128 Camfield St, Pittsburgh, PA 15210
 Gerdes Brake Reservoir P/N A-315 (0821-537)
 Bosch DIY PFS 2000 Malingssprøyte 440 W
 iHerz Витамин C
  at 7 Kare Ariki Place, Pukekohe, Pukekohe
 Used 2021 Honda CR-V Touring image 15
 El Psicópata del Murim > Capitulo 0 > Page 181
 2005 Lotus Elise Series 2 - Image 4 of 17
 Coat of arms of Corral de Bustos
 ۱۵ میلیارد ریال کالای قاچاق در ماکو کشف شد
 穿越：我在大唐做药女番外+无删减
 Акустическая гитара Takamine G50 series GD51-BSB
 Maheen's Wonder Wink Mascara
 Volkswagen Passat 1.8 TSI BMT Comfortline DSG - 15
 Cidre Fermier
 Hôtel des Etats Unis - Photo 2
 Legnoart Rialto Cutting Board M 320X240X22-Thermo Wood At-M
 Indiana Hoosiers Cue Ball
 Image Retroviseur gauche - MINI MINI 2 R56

Exercise
Only an exact copy is wanted here: the line containing "iHerz Витамин C" and every later line, up to and including the last line of the listing.

Exercise response
 iHerz Витамин C
  at 7 Kare Ariki Place, Pukekohe, Pukekohe
 Used 2021 Honda CR-V Touring image 15
 El Psicópata del Murim > Capitulo 0 > Page 181
 2005 Lotus Elise Series 2 - Image 4 of 17
 Coat of arms of Corral de Bustos
 ۱۵ میلیارد ریال کالای قاچاق در ماکو کشف شد
 穿越：我在大唐做药女番外+无删减
 Акустическая гитара Takamine G50 series GD51-BSB
 Maheen's Wonder Wink Mascara
 Volkswagen Passat 1.8 TSI BMT Comfortline DSG - 15
 Cidre Fermier
 Hôtel des Etats Unis - Photo 2
 Legnoart Rialto Cutting Board M 320X240X22-Thermo Wood At-M
 Indiana Hoosiers Cue Ball
 Image Retroviseur gauche - MINI MINI 2 R56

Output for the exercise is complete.